What you need to do » Although the data below holds other lines too, output only those from the line with "person marking cut" up to and including the line with "Macro detail of", exactly as they appear.

Collected data
● ● ● ● ● ● ●
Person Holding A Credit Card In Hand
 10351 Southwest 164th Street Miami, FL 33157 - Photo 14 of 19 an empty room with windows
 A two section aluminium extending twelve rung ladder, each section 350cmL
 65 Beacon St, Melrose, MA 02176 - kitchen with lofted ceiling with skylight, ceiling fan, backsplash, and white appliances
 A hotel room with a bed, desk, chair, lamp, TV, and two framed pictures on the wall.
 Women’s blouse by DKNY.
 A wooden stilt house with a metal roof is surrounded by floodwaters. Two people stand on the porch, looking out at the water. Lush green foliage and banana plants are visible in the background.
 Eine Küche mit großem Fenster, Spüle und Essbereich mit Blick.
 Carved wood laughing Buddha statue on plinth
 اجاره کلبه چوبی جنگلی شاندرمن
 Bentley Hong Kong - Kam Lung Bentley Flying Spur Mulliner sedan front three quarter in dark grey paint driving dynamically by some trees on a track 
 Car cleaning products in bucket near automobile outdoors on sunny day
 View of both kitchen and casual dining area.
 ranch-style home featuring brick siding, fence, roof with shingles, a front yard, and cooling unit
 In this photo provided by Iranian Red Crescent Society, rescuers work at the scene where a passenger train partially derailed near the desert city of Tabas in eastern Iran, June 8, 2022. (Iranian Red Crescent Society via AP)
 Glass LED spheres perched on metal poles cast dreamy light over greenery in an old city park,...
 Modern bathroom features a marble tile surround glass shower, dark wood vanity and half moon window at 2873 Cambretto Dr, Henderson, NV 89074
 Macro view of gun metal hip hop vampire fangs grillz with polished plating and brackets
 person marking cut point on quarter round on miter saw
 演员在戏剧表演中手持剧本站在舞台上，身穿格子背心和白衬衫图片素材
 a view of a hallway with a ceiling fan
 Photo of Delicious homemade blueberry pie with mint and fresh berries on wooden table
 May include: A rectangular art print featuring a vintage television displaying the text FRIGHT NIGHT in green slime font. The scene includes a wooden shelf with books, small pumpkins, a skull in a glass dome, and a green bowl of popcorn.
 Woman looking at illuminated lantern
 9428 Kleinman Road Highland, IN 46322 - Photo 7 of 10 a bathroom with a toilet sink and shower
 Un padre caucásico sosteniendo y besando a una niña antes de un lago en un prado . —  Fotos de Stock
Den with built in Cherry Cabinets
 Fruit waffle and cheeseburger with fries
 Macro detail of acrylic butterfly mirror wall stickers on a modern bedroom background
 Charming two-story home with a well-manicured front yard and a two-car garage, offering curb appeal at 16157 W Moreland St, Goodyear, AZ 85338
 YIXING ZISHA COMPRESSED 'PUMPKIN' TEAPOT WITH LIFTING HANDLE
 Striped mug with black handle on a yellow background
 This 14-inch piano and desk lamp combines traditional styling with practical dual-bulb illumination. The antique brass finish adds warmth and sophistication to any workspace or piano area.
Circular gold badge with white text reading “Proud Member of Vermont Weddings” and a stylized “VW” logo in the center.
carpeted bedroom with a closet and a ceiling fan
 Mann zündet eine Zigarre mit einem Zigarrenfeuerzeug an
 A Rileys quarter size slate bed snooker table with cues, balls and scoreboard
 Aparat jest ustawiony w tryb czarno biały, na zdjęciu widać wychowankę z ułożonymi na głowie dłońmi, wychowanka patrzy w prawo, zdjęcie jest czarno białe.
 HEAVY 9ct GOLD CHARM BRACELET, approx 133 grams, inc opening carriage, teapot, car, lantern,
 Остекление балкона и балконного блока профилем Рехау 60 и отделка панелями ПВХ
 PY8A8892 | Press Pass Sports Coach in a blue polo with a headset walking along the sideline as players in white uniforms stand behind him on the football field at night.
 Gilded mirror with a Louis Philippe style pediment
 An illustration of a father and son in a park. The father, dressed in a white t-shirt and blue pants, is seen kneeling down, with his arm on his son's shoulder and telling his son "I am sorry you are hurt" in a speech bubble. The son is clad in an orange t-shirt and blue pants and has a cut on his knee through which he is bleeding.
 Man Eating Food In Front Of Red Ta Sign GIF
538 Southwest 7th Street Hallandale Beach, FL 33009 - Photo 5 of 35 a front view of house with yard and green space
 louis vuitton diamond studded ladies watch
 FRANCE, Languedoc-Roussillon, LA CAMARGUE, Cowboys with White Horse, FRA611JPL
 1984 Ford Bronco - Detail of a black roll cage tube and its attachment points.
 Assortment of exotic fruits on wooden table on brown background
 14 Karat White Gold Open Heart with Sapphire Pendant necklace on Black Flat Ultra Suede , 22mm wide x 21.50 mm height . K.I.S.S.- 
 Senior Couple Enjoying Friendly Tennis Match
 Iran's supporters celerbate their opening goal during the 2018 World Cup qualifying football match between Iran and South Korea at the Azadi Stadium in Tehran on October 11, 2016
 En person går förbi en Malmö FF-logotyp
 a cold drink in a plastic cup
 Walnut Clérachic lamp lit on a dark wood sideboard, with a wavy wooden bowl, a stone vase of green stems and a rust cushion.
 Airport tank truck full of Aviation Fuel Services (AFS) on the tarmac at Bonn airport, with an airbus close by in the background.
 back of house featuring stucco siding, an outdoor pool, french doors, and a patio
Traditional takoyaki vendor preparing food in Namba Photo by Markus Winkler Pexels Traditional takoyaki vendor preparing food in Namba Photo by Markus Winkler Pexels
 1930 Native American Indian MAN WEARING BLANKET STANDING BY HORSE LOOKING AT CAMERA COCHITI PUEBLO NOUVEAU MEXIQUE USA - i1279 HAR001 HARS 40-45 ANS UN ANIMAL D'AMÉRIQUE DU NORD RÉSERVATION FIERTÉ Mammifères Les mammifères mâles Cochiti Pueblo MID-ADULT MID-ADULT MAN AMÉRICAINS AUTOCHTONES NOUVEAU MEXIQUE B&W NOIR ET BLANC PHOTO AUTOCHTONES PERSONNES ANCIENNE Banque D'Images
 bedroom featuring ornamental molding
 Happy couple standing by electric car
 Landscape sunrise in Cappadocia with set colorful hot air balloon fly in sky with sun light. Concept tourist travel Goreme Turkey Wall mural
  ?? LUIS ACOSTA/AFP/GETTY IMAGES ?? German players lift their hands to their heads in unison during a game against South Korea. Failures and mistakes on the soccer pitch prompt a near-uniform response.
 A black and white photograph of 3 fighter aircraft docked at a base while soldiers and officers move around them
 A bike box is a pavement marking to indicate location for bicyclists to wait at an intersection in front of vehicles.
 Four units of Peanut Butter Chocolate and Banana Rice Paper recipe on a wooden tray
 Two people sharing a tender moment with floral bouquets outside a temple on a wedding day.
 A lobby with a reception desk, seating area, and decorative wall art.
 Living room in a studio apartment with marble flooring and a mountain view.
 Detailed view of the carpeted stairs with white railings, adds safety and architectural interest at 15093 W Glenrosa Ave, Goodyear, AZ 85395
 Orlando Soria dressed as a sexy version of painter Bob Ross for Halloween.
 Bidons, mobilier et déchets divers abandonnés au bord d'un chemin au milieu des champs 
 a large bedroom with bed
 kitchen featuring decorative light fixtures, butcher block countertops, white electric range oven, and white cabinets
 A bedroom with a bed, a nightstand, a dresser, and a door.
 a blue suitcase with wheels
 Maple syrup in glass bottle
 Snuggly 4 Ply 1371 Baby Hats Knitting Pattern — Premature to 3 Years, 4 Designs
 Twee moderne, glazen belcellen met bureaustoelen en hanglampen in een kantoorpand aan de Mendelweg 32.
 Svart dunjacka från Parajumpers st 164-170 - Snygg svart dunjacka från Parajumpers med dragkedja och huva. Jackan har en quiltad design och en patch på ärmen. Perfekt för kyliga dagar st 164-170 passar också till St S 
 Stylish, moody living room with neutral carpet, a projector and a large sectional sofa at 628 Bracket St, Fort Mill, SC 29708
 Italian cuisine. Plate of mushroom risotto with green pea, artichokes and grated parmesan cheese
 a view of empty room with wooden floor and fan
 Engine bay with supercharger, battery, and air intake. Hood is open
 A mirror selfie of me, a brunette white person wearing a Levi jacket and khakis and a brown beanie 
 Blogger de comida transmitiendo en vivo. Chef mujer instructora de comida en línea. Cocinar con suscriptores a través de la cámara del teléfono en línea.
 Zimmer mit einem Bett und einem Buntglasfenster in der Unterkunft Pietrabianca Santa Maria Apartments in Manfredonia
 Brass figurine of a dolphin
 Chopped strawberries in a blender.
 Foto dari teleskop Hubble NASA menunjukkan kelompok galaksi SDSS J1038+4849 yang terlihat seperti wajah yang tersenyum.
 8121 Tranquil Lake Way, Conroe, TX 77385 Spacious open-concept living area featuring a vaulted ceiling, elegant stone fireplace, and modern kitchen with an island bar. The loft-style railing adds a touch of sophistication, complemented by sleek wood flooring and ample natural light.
● ● ● ● ● ● ●
Final answer »
 person marking cut point on quarter round on miter saw
 演员在戏剧表演中手持剧本站在舞台上，身穿格子背心和白衬衫图片素材
 a view of a hallway with a ceiling fan
 Photo of Delicious homemade blueberry pie with mint and fresh berries on wooden table
 May include: A rectangular art print featuring a vintage television displaying the text FRIGHT NIGHT in green slime font. The scene includes a wooden shelf with books, small pumpkins, a skull in a glass dome, and a green bowl of popcorn.
 Woman looking at illuminated lantern
 9428 Kleinman Road Highland, IN 46322 - Photo 7 of 10 a bathroom with a toilet sink and shower
 Un padre caucásico sosteniendo y besando a una niña antes de un lago en un prado . —  Fotos de Stock
Den with built in Cherry Cabinets
 Fruit waffle and cheeseburger with fries
 Macro detail of acrylic butterfly mirror wall stickers on a modern bedroom background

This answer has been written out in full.